How To Choose Your Organizational Structure

March 8, 2023
# min read
Doug Brown

In my experience, many executives have yet to examine how to best structure (or restructure) their organizations to execute their strategic plans. Often, their employees work longer and harder than if the formal organizational design was adapted to fit the new direction.

There are various structures that management teams can take depending on the size, complexity, and goals of an organization. Here are some examples to consider, along with the advantages and disadvantages of each.

1. Functional Structure: The management teamis organized by functions, such as finance, marketing, operations, and human resources. Each area has its head, and they report to the CEO. This structure is typical in smaller organizations.


·       Efficient use of resources: By grouping similar functions together, this structure can help maximize the efficiency of the organization's resources and expertise.

·       Clear lines of authority: Each function has its head, creating clear lines of authority and reducing confusion about who is responsible for what.


·        Limited communication and coordination between functions: Because each function naturally focuses on its area of expertise, there may be limited communication and coordination between different processes, leading to silos and reduced cross-functional collaboration.

·        Slower decision-making: Since decisions must go through several layers of hierarchy, decision-making can be slow and bureaucratic.


2. Divisional Structure: Management is organized by divisions, such as geographical regions or product lines. Each division has its leader, and they report to the CEO. This structure is often the norm in larger organizations with multiple products or locations.


·        Faster decision-making: Each division has its head, encouraging faster decision-making than in a functional structure.

·        Focus on specific products or regions: By grouping employees by division, this structure can help organizations focus on specific products or regions and adapt to local needs.


·        Duplication of resources: Each division needs its own resources, which can lead to duplication of effort and increased costs.

·        Limited communication and coordination across divisions: Similar to the functional structure, limited communication and coordination across different divisions can lead to silos and reduced cross-functional collaboration.


3. Matrix Structure: In this case, the management team is organized by functions and divisions attempting to mine the benefits of both structures. In this scenario, employees have two bosses - one from their function and one from their division.


·        Greater flexibility: By combining functional and divisional structures, the matrix structure can offer greater flexibility and adaptability to changing circumstances.

·        Improved collaboration: By creating cross-functional teams, the matrix structure can improve cooperation and communication between different functions and divisions to serve internal and external customers better.


·        Complex and difficult to manage: The matrix structure can be complex and challenging, especially for employees who must report to multiple bosses.

·        Potential for internal conflict: Since employees report to multiple bosses, there is a potential for conflicting priorities and power struggles, leading to excessive workload demands on the staff. It can create stress within the staff as they decide whom they will and will not satisfy.


4. Flat Structure: The management team has very few hierarchical levels in this structure.

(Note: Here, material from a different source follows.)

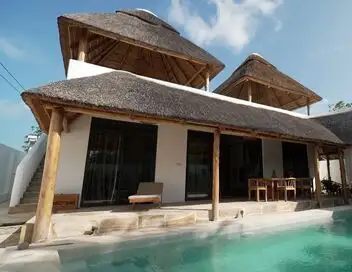 Zone interdite - Tout plaquer pour une île paradisiaque : rêve ou folie ? – affiche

There is no middle management,and employees have significant autonomy. This structure is commonplace within smaller organizations or startups.


·        Faster decision-making: With fewer hierarchical levels, decision-making can be faster and more efficient.

·        Greater autonomy: Employees in a flat structure can be more independent and empowered to make decisions and take action.


·        Limited opportunities for advancement: With fewer hierarchical levels, employees may have limited opportunities to advance their careers.

·        Lack of specialization: Since employees have to take on a wide range of responsibilities, there may be a lack of needed expertise in certain areas.


5. Hierarchical Structure: This structure contains many hierarchical levels. Employees report to their immediate supervisor, who reports to their supervisor, and so on. Often, this is the structure of choice within larger organizations.


·        Clear lines of authority: With many hierarchical levels, there are clear lines of control, and employees know to whom they report.

·        Opportunities for advancement: With many hierarchical levels, employees often have opportunities to advance their careers.


·        Slower decision-making: With many layers of hierarchy, decision-making can be slow and bureaucratic.

·        Potential for communication breakdowns: With so many layers of hierarchy, communication can break down or become distorted as it moves up and down the chain of command.


6. Network Structure: This management team is built around a network of independent contractors, suppliers, and partners. The management team coordinates and manages the network. This structure is typical within industries where companies collaborate to produce a product or service.


·        Flexibility and scalability: The network structure can be highly flexible and scalable, allowing organizations to adapt to changing circumstances or expand their reach.

·        Access to specialized expertise: By working with a network of independent contractors and partners, organizations can access needed expertise that they may not have in-house.


·        Difficult to manage: Managing a network of independent contractors and partners can be challenging and time-consuming.

·        Lack of control: Since the independent contractors and partners in the network are not employees, the organization may have limited control over their actions and outcomes.

These are just a few examples of the many management team structures that organizations can adopt. The most suitable design for your organization depends on its strategy, size, complexity, and goals.